Task description: Every line from the one containing "Learning Resources Learn" to the one containing "Bust of Trajan, laureate, right...." in the records below, both included, must be set down exactly, and no other line.

Items listed in a dataset:
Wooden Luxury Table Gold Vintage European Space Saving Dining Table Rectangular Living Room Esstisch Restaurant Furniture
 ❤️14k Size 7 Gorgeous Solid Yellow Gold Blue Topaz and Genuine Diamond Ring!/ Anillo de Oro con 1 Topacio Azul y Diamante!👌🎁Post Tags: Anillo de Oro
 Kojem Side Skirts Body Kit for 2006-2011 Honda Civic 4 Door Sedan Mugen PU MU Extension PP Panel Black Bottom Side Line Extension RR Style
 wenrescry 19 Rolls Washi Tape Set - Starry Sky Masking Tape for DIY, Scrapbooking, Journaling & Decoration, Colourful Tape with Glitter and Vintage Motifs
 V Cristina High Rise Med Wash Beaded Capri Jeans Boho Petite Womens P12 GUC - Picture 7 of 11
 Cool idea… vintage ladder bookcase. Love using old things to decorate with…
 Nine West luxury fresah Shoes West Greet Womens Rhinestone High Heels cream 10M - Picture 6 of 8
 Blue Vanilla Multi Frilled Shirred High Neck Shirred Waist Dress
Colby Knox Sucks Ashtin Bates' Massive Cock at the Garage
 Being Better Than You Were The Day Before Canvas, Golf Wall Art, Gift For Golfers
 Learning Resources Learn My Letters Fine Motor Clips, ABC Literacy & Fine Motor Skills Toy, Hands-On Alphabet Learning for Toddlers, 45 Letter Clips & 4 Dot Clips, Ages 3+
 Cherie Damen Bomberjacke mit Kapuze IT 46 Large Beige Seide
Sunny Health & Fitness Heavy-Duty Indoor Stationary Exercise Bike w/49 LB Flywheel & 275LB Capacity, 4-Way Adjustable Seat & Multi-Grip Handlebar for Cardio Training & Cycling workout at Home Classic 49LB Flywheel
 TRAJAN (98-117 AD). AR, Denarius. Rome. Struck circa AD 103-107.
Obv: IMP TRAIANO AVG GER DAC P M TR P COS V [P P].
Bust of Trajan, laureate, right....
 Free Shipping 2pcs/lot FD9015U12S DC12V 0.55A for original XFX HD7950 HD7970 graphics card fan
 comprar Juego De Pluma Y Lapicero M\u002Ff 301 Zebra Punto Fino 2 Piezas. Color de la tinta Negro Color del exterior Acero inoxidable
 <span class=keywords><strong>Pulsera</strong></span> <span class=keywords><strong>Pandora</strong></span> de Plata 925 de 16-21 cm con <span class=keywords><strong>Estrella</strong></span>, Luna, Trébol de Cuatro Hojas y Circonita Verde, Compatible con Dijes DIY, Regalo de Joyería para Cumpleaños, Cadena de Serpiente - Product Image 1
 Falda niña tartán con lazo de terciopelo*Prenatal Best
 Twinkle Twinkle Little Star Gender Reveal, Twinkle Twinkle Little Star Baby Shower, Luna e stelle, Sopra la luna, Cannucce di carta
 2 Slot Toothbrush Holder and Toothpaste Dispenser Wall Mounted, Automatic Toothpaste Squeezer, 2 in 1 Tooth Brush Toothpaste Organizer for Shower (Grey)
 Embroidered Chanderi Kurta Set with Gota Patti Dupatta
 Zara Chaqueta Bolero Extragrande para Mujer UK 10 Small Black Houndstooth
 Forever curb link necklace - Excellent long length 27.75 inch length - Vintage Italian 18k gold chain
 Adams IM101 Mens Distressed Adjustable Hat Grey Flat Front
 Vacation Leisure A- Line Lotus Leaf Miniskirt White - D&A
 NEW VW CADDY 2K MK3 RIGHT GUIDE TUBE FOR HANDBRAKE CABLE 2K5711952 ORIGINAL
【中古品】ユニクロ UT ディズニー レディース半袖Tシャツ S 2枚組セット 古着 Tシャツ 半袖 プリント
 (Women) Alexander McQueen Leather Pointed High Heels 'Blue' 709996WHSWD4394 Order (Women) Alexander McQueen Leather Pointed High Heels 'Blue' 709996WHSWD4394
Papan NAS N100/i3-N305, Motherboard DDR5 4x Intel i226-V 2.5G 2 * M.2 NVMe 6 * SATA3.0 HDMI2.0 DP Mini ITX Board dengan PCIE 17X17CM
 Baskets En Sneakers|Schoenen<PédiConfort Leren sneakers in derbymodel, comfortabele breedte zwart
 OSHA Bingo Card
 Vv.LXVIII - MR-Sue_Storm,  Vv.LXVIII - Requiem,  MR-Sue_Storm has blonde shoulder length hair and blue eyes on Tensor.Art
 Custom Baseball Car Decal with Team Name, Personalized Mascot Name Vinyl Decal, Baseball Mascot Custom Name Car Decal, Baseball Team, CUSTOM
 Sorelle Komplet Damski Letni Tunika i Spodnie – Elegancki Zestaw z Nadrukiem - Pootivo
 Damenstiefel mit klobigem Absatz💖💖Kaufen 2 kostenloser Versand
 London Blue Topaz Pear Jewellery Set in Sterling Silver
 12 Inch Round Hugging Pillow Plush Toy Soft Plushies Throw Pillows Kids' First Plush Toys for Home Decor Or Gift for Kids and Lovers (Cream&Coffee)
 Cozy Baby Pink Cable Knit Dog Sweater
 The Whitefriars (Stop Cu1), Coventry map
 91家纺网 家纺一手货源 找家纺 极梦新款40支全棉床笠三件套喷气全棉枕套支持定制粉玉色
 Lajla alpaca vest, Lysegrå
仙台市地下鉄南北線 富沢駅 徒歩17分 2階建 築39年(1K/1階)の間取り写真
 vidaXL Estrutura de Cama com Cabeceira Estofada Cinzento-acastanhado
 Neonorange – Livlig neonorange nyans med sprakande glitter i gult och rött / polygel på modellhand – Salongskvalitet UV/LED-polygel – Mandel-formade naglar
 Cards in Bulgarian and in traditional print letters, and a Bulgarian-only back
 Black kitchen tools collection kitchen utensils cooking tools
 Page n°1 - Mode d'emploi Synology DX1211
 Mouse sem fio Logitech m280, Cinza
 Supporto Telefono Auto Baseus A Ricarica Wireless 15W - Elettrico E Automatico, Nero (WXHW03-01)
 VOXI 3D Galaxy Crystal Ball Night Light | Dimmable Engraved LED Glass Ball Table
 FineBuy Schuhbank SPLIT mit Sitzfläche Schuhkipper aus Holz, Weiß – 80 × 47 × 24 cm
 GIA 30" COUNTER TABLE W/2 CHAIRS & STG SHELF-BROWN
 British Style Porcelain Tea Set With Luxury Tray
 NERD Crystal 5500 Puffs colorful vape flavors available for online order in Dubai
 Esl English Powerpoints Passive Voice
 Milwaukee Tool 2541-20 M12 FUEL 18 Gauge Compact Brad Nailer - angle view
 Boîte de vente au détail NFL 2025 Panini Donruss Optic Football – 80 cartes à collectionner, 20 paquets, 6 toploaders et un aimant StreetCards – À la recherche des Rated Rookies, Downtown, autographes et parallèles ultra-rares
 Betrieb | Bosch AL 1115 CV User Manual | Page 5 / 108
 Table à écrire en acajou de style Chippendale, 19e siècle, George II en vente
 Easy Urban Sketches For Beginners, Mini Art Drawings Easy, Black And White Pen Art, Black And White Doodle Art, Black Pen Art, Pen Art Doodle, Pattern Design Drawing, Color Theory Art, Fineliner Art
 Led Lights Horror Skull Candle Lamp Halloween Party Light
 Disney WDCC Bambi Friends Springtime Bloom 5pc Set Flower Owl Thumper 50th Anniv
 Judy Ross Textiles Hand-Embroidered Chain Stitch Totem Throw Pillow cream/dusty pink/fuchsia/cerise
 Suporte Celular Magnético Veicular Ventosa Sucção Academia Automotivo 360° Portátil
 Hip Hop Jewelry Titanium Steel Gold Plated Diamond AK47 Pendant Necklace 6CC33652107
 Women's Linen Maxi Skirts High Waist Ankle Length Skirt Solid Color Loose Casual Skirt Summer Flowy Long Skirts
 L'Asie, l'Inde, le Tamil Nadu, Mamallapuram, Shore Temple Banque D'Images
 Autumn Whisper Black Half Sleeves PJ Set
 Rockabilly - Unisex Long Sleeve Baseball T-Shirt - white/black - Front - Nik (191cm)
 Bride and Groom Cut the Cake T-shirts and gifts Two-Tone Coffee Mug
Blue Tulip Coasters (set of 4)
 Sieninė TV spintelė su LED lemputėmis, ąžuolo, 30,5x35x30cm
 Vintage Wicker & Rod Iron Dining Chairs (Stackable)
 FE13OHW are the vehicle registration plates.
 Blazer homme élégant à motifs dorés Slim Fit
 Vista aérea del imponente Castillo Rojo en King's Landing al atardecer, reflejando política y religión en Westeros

Response area:
 Learning Resources Learn My Letters Fine Motor Clips, ABC Literacy & Fine Motor Skills Toy, Hands-On Alphabet Learning for Toddlers, 45 Letter Clips & 4 Dot Clips, Ages 3+
 Cherie Damen Bomberjacke mit Kapuze IT 46 Large Beige Seide
Sunny Health & Fitness Heavy-Duty Indoor Stationary Exercise Bike w/49 LB Flywheel & 275LB Capacity, 4-Way Adjustable Seat & Multi-Grip Handlebar for Cardio Training & Cycling workout at Home Classic 49LB Flywheel
 TRAJAN (98-117 AD). AR, Denarius. Rome. Struck circa AD 103-107.
Obv: IMP TRAIANO AVG GER DAC P M TR P COS V [P P].
Bust of Trajan, laureate, right....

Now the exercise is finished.